Task to carry out →
Retype, word for word, each line between the lines holding "Textured men's long" and "Modern wabi sabi", inclusive, and leave the rest of the data alone.

Records supplied →
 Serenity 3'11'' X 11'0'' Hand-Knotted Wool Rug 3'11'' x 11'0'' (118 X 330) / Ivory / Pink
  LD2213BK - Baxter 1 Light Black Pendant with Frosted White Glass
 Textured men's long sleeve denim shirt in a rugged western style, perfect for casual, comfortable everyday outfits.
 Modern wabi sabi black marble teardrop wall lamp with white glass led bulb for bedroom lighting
---
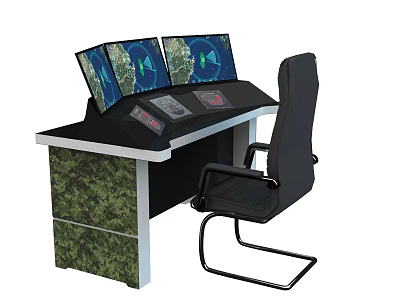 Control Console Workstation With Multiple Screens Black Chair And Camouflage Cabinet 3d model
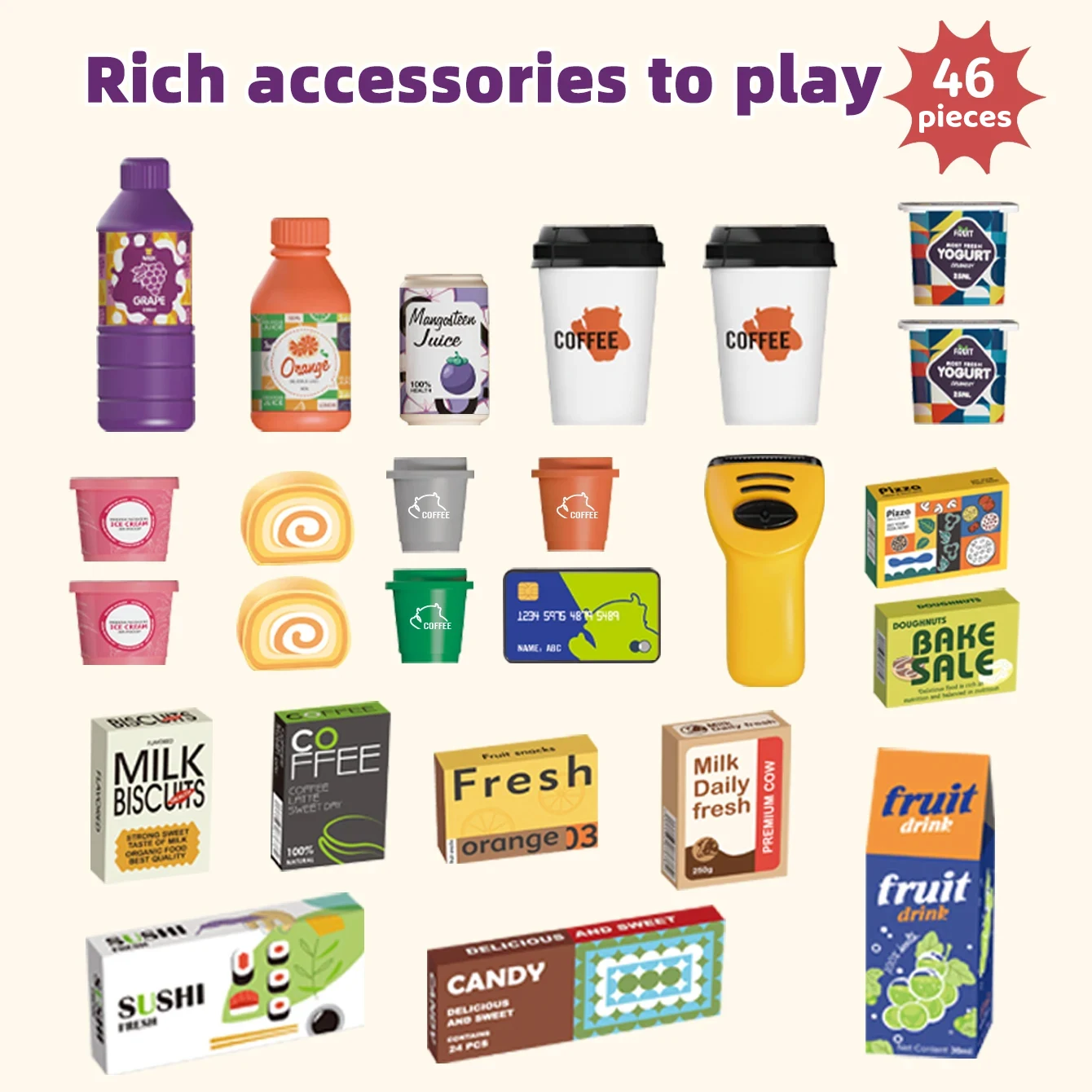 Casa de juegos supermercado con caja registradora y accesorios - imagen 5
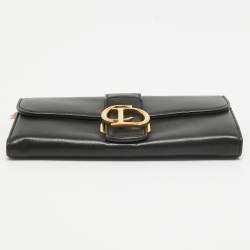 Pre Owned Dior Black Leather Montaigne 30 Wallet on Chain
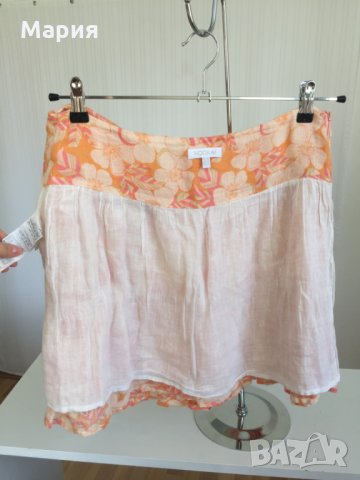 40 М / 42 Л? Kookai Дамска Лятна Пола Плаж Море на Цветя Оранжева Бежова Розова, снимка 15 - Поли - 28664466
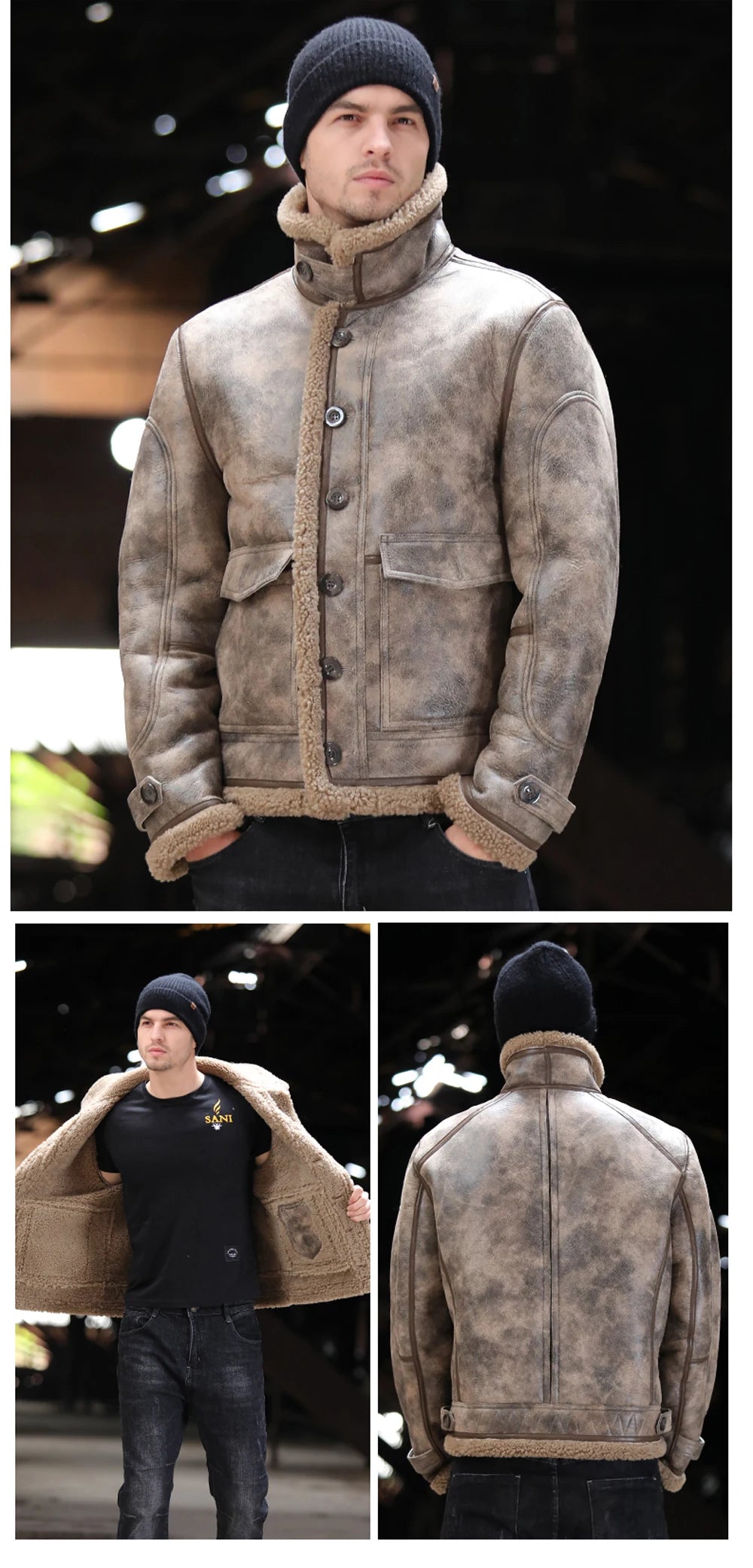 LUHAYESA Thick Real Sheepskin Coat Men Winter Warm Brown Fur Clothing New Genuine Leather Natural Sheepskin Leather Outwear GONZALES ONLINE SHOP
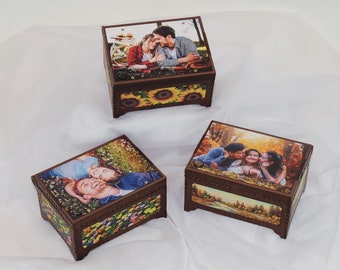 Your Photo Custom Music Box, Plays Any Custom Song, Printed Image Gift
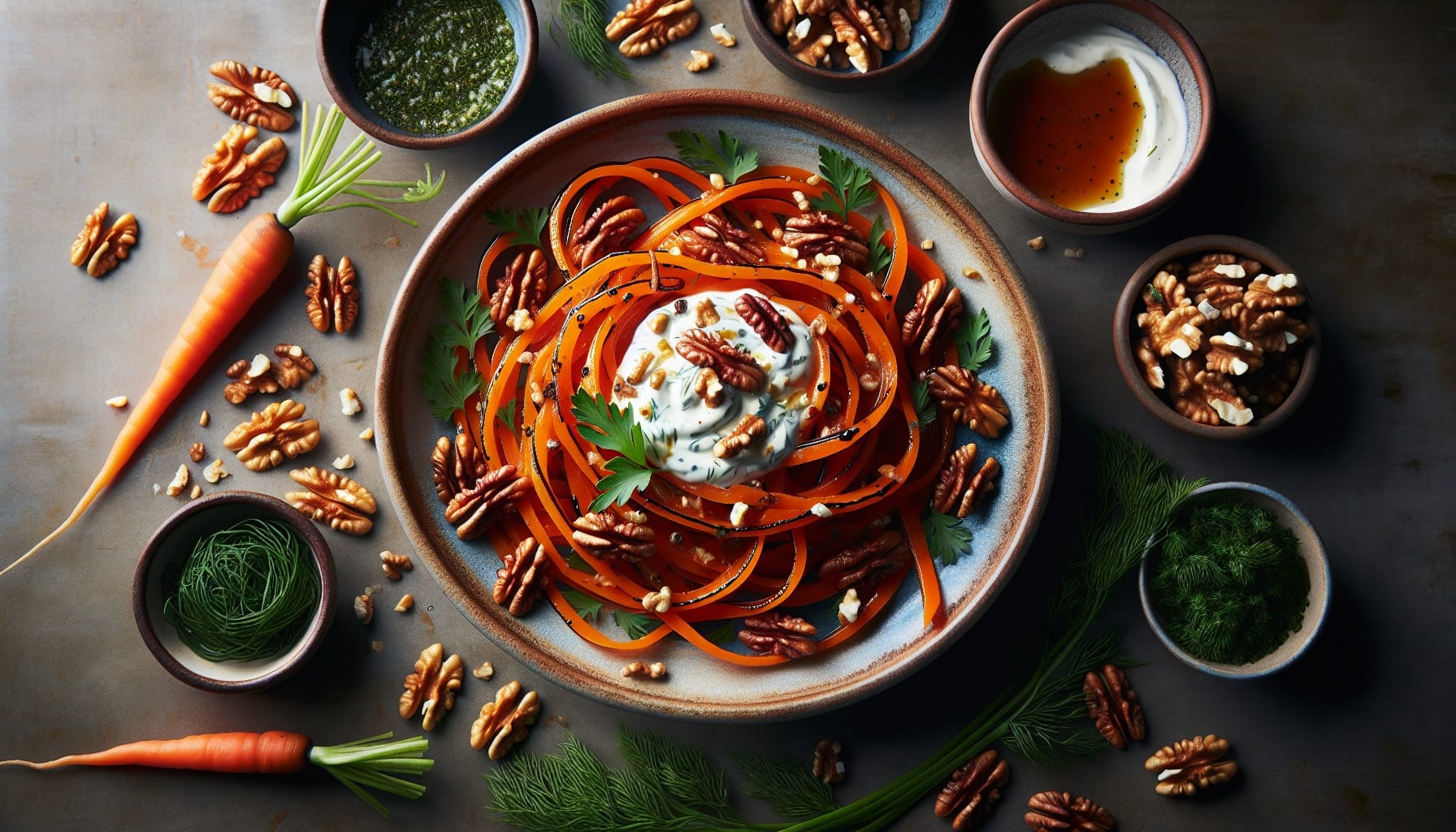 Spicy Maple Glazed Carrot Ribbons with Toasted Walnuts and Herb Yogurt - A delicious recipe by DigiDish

Answer area →
 Textured men's long sleeve denim shirt in a rugged western style, perfect for casual, comfortable everyday outfits.
 Modern wabi sabi black marble teardrop wall lamp with white glass led bulb for bedroom lighting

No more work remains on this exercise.